– Я всегда думаю – если боль имеет в мире такое значение, если такая у неё сила и могущество, то вдруг, постигнув её смысл, мы постигнем и того, кто этот мир сотворил? Для чего это всё? Отданы мы во власть бессмысленной и глумливой жестокости уже здесь так же, как там? Или всё же, вопреки той самой надписи над вратами, есть для нас надежда даже за последним порогом, пускай отсюда мы не в силах представить ни его, ни её?
Он умолк и долго смотрел Иванову в профиль, и тот, словно притянутый, наконец, повернул голову, и взгляды их сошлись.
– Послушай, Матвеев, – произнёс Иванов. – Я вот всё думаю, мы сидим с тобой здесь вдвоём, беседуем на этом ящике, а крышка у него хоть не свежепокрашенная?

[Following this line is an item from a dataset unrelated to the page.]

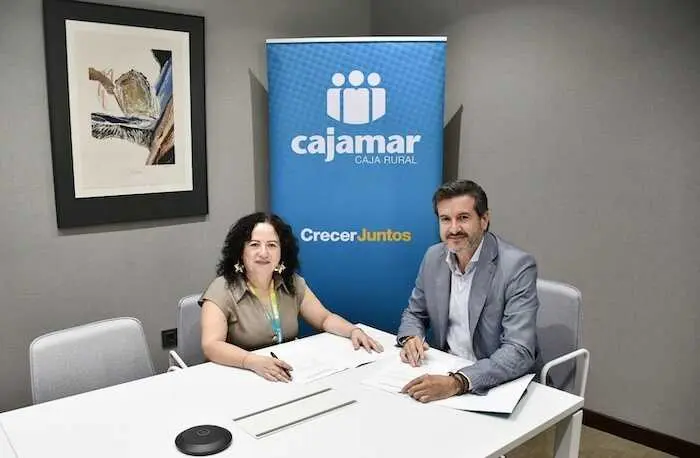 Cajamar y el Colegio de Graduados Sociales de Almería renuevan su convenio de colaboración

– Нет, – ответил Матвеев. – Не свеже.
– Ты точно уверен? А то я даже и привстать боялся. Сбоку вроде ничего, но сбоку часто ничего, сбоку мало видно, только краску переводить. Думаю, если что, как же я отсюда пойду-то, полковник МЧС в красных штанах?
Матвеев молчал, просто закрыл глаза, и на лице его была спокойная безглазая мука.
– Ну хорошо, если так, – удовлетворился эмчеэсник и этим. – Ну и теперь, пожалуй, всё.
Он встал, замер как бы в секундной нерешительности.
– Всё же выбей у него дно, Матвеев… и берегись огня, – сказал он в слепое матвеевское лицо, оно дернулось, и эмчеэсник прибавил. – А вообще очень многие красят перед проверкой. Производит хорошее впечатление. Я потому и спросил.